A common failure point in long disputes is “we never received it.” Your proof prevents that.

Use an “Exhibit Index” for everything you send

When you submit documents, label them:

  • Exhibit A, Exhibit B, Exhibit C…
    and include a one-page index listing:
  • Exhibit name
  • Date
  • What it proves
  • Where it appears in your packet (page number if possible)

This makes it easier for an IRS reviewer—or a tax professional—to follow your case without confusion.

Keep your submissions structured and repeatable

Every letter you send should follow the same format:

  1. What notice/issue you’re responding to (date and type)
  2. What you are requesting (specific relief)
  3. Key facts (short bullets; no emotion)
  4. Authority / rules you rely on (brief references)
  5. Exhibits attached (indexed)
  6. How you can be reached and preferred method

This isn’t about being “formal”—it’s about being easy to review.
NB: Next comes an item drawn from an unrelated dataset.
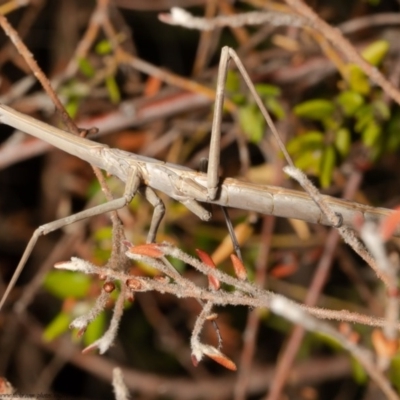 Archimantis latistyla (Stick Mantis, Large Brown Mantis) at ANBG - 23 Nov 2020 by Roger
Maintain two versions of your case file

  • Private master file (unredacted): for your records and professional review
  • Public shareable file (redacted): for transparency without exposing sensitive data

Redact: SSN, address, barcodes/QR, notice/account numbers, signatures, and any information identifying a minor.
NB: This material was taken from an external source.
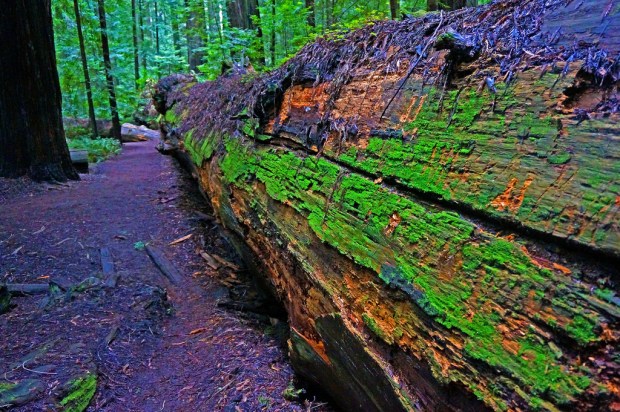The 370-foot tall Dyerville Giant was felled by a storm in 1991. A half-mile walk takes you from parking lot to this fallen behemoth on the Avenue of the Giants. (Getty Images)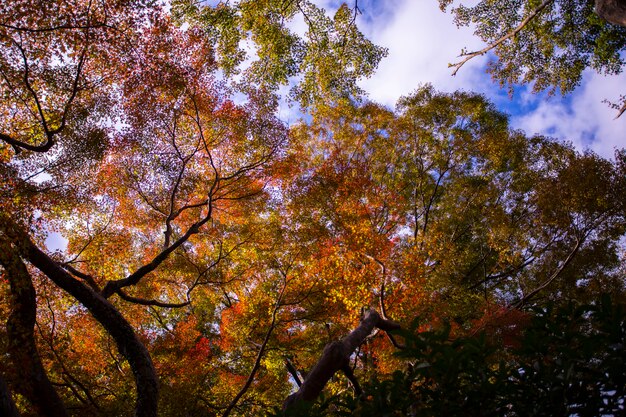 Colorido de hojas otoñales osaka japón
The payoff: lower cost and higher credibility

A well-organized record:

  • reduces billable hours for professionals,
  • increases the chance your position is understood quickly,
  • and makes your case more credible to anyone reviewing it.

4) Conflicting Filings and “Duplicate Return” Situations (What to watch for)

When the IRS receives more than one return for the same tax year, the problem stops being “my tax return” and becomes an IRS system conflict. That conflict can trigger examinations, filing-status reclassification, and years of administrative back-and-forth—especially if the returns claim different filing statuses or credits.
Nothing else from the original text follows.